Thursday, September 21, 2006

The "Pro-Democracy" Coup

HUA HIN -- Thailand’s constitution, written in 1997, is one of the most progressive documents of its kind in the world. Written by esteemed political scientists, it recognized the people’s right to manage resources, access to information and investigate the politicians.

It is chock full of checks and balances. Promulgated in the aftermath of the crisis of 1992 when civilian rule was restored following an earlier military takeover, it was designed to put an end to coups and military rule once and for all.

Why then did it fail Thailand?

The first thing that the generals who seized power in the capital, Bangkok, last Tuesday did was abrogate the constitution. Styling themselves, rather grandly, as the Council for Democratic Reform, they promised to restore democracy, and draft a new document.

One of the original drafters, Khanin Boonsuwan, said, “it was the best constitution we ever had.”

Why then did it fail Thailand?

“The 1997 Constitution was like a big tree and politicians like parasite plants that were allowed to grow until too late to control. That left only one option – uprooting the whole tree,” he said.

In retrospect it is clear that all political factions in the country set out to subvert both the letter and the spirit of the liberal document almost from the beginning. That includes, of course, the deposed prime minister Thaksin Shinawatra and members of his party, known colorfully as the “Thais Love Thais” Party.

For example, under the constitution the elected senate is not so much a legislative body, as it is in the United States, as it is a kind of guardian council. But from the beginning Thaksin senators abrogated their role as watchdogs to secretly serve the government’s agenda.

The senate’s support made it possible for the government to subvert supposedly independent bodies, such as the Election Commission. Three members of the commission were earlier imprisoned for trying to manipulate the results of the April 2 general election.

But the not-so loyal opposition parties also failed the country when they determined to boycott a general election because they knew they would lose. That led to the election being annuled and directly to the current political impasse. It finally took the army to cut through the Gordian Knot.

As the Bangkok Post editorialized: “Democracy is not just about free elections Rather, the democratic process is difficult daily task of making authorities accountable to voters and reining in the politicians who abuse the agreed legal framework.”

As military takeovers go, it was a peaceful, almost joyful occasion. People in Thailand, the capital at any rate, were sick and tired of Thaksin, who had ruled since 2001. A quick and dirty poll the day after by the Bangkok Post showed that 81% of Bangkok people supported the coup.

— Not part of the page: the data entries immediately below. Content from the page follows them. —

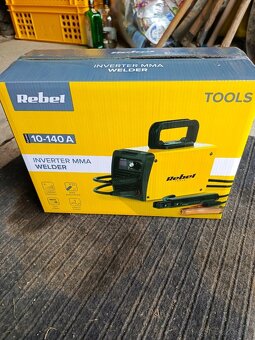 Invertorova zvaracka - 3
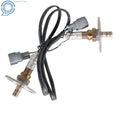 2X O2 Oxygen Sensors for Toyota 4Runner Pickup Tundra Tacoma (1995–2023)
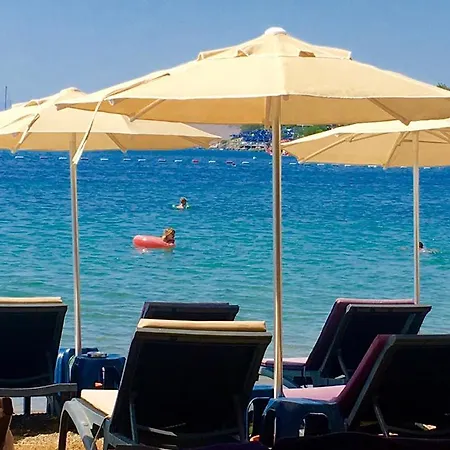 Almera Beachfront Apartmant Διαμέρισμα Bitez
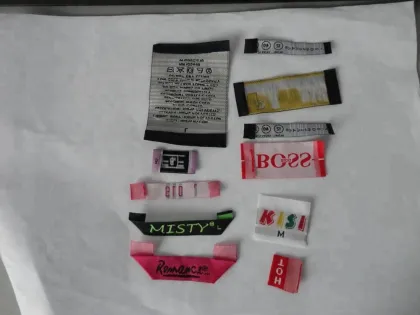 JZ-2817 Multifunction Garment Ribbon Label Cutting and Folding Machine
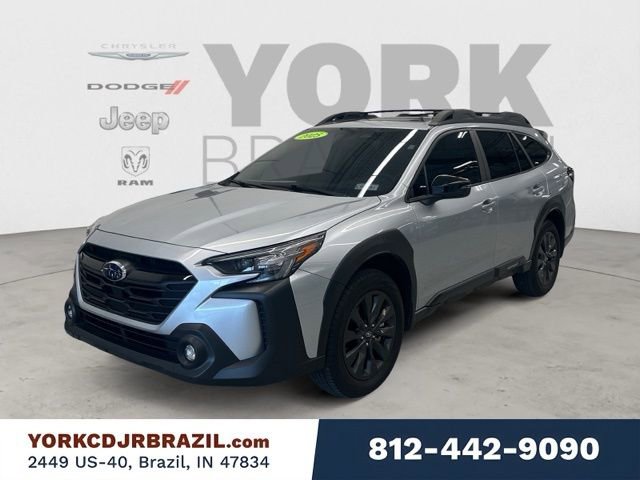 Used 2025 Subaru Outback Onyx Edition XT w/ Popular Package #2 image 1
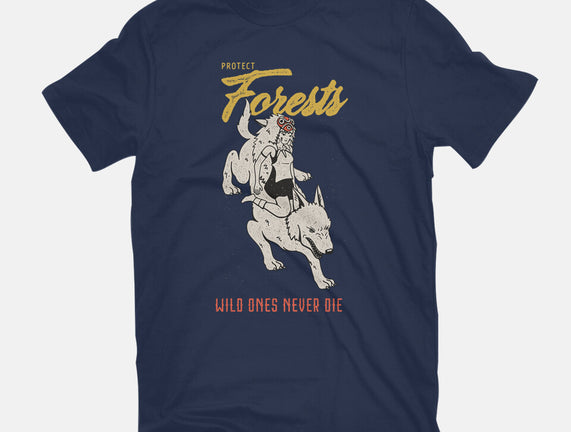 Protect Forests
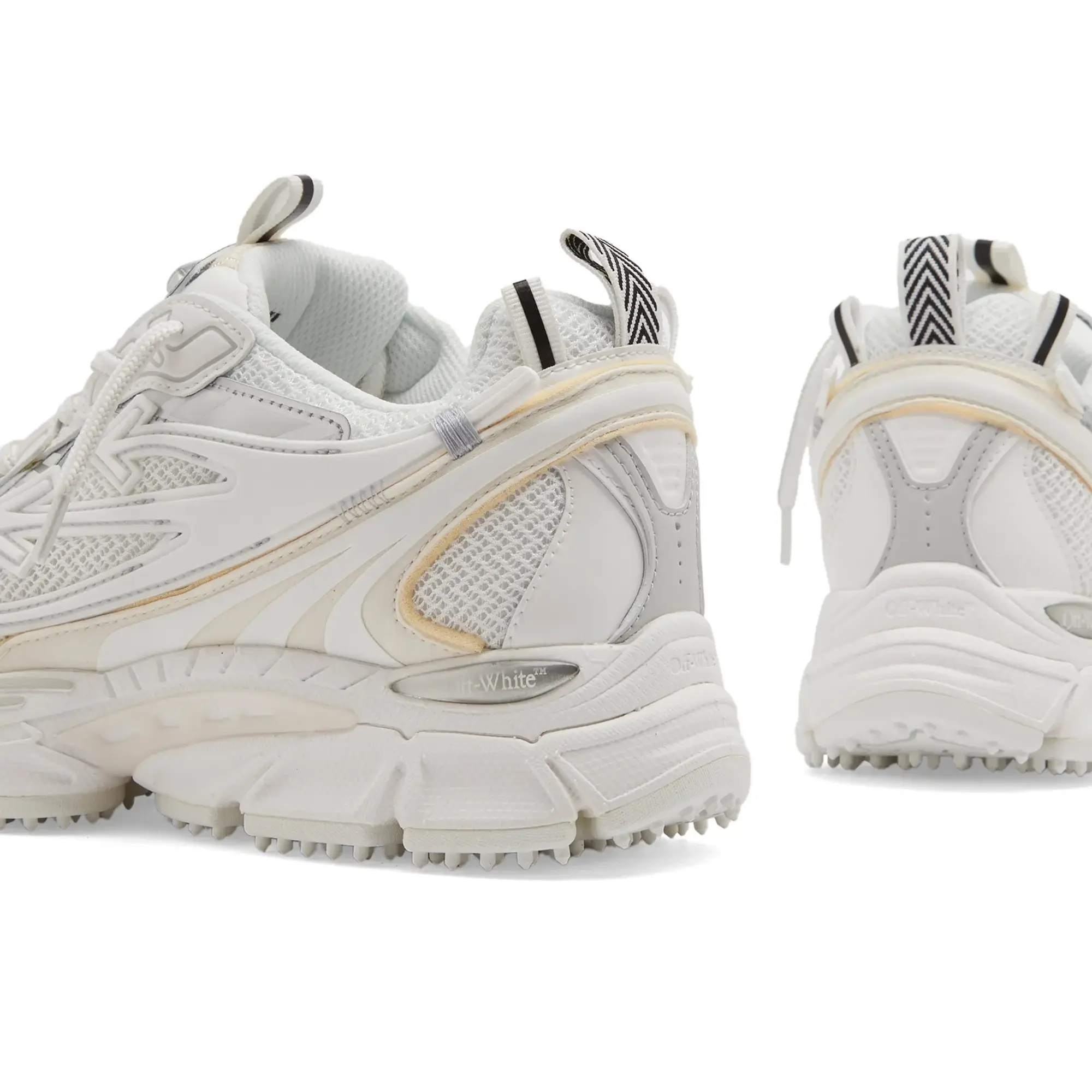 Sneakers Off-White Ow Be Right Back White White Eur 40
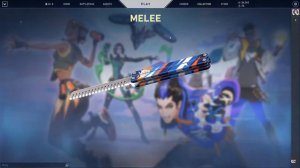 НОВЫЙ НАБОР СКИНОВ В VALORANT / НОВЫЙ НОЖ БАБОЧКА В ВАЛОРАНТ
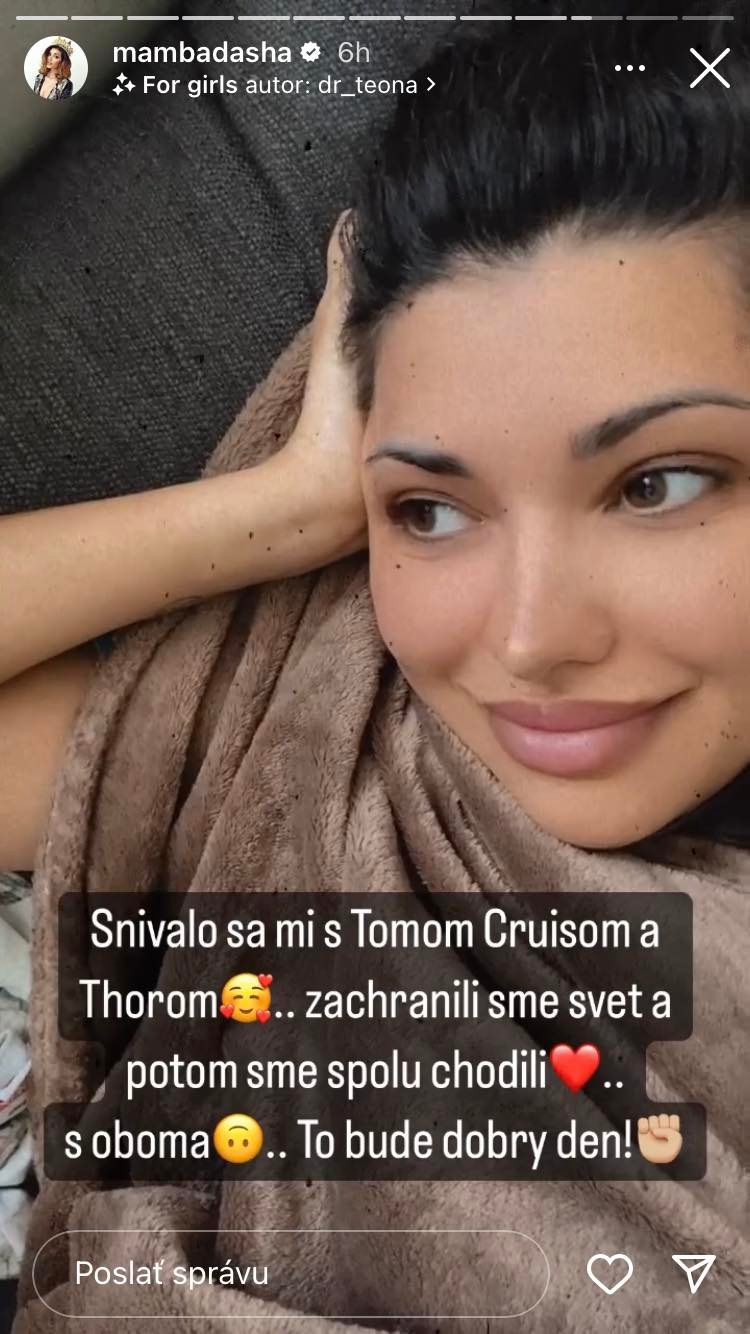 Mamba Dasha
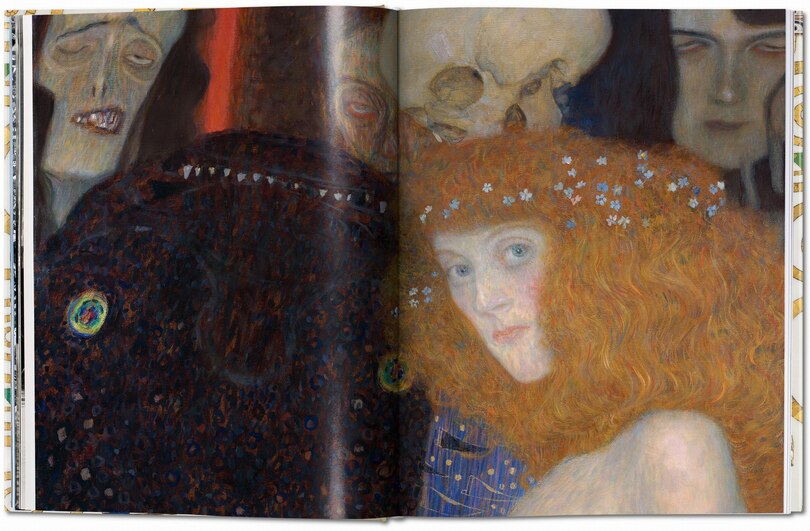 Sample content 5_Gustav Klimt. The Complete Paintings
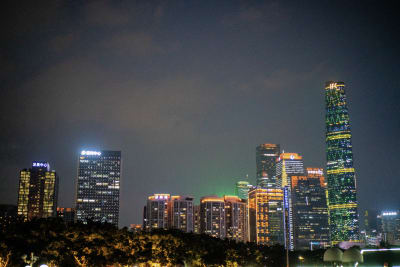 Cina 2026: Guangzhou / Canton (5 giugno) 48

Interestingly, a slightly higher percentage outside the capital said they too supported the generals’ actions, even though the hinterland is supposed to be the stronghold of the premier’s support.

The ad hoc People’s Alliance for Democracy, which had organized massive demonstrations against Thaksin in March, called off a planned resumption of popular protests in support of the coup. In any case, the generals banned public political gatherings of more than five people.

The fact that King Bhumibol quickly endorsed the coup, no doubt contributed to the general approval and peacefulness of the takeover. The coup leader, General Sonthi even apologized on national television, “for any inconvenience that it might cause.” There wasn’t even a curfew.

The soldiers sported yellow ribbons – the royal color - around their wrists or around the barrels of their guns and posed for pictures with a bemused Bangkok citizens. It had something of feel of the “People Power” revolt in the Philippines in 1986 that ousted the long-time strongman Ferdinand Marcos (the color of that rebellion was also yellow).

But then most coups in Thailand - there have been more than a dozen in the past 75 years - are popular at first. It is later, when the generals have worn out their welcome and the streets begin to fill again with protestors demanding that they quit that the troops are not so friendly.

This group of generals is well aware of the history, and it is expected that they will turn the government over to some kind of non-political civilian administration in a couple weeks. On the other hand, they let it be known that elections won’t resume for at least a year.

If things turn nasty, Thais trust their revered King will intervene to protect them, just as he done in years past. But the King is now 79 years old, and it cannot be certain that he will live to see another civilian government is installed.

The worst case scenario for Thailand would be for the King to die sometime during the next year. If that were to happen, Thailand might be faced with a succession crisis at a time when the government lacks popular legitimacy.

The coup was a step backward for Thailand, but it would still be a step forward if it turns out that the generals are serious about reform and that “Council for Democratic Reform” is more than just a euphemism for a junta.